What if we released ourselves from some of those pressures and changed our focus from fear to freedom? What would our parenting look like then? What if we let ourselves embrace not the "have-to" but instead the "don't have-to" in life and focus our decisions on what we want for our families today?
Here is a list of things that might help us to find our way:
1. I do not have to be afraid what might happen if I ______ (insert your own idea here or choose from this list: put off potty training, co-sleep with my child, turn off the TV, say no to constant demands, allow a pacifier, breastfeed, bottle feed... etc...). I need only pay attention to my child's needs and the quiet voice inside that tells me how to respond. I will not parent out of fear.
2. I do not have to keep with the Jones or the Smiths or any other neighbor down the street. I need only to provide what I feel is important for my child and my family. This applies equally well to clothing labels or techno-gadgets. I will not parent out of pressure.
3. I do not have to make my child happy all day, everyday. In fact, it just might be my job to help my sweet little one to figure out that happy has little do with having and much to do with being. I will not parent to meet my child's desires but instead to meet the goals my husband and I have for loving and raising my kids.
4. I do not have to say yes. Not to video-games, not to snack requests, not to co-ed sleep overs or Spring Break trips or anything else that raises the hair on the back of my neck. It is my job as their momma to see the big picture... delights and dangers... and help them to learn to choose well. I will not parent out of a desire to do the "next big thing".
5. I do not have to: let my kids watch movies I think are too much for them, allow video games to be played whenever asked, provide email addresses for grade school children, allow them on social networking sites they are not ready for, provide cell phones for texting, say yes to what Johnny's mom says yes to, or do anything else that I think might be inappropriate for my child. I will not parent to meet common culture but instead to prepare my child to engage and evaluate common culture.
I do not have to do any of these things and do you know why? Because I am a mom to four sweet children that I love with all my heart, and with that job comes much responsibility. Mark and I are the ones that God blessed with their whole, young lives and we are the ones that will have to live with the choices made on their behalf. We are the ones who dream about what this family can be and we are the ones who can make or break that dream. We are the ones that they will come home to and the ones they will question about all of this and so much more. We know them best. And from that place, with my husband by my side, we will choose the path to take together.
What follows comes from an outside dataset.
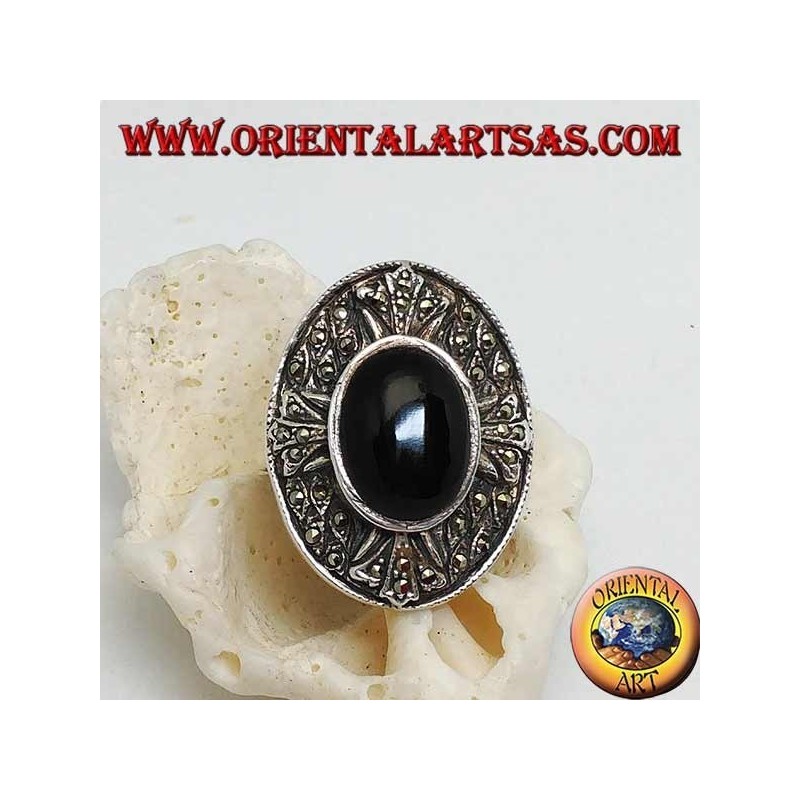 Anillo de plata de escudo con una cruz tachonada de marcasita de los templarios y con un ónix central ovalado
Though, with all that said, we also know that as they grow, we can and will change our minds.
My friends, hear this: You don't have to. You don't have to do the things that you know are not right for you and your kids. There is a time to embrace culture and a time to set it aside. All of it is a choice and the making of that is yours. Parenting is fluid, moving, dancing, changing all the time. The choices you make today may need some tweaking down the road... but for today, know what you choose and why. Know what you want for the family around you and be purposeful in the things that you pick. You will not answer to the Jones or the Smiths. Your accountability is not to them. Instead, it is a to a God who loves you fully and graced you with the babies at your feet. What would He have you do? What would He have you change?
It is still January and there is time for making goals. What does your family need today and how can you bring about needed change for them? Not because you have to... but instead because you can. Dream for them today and set aside the fear that drives your decisions. Freely choose... and embrace the blessings you will find.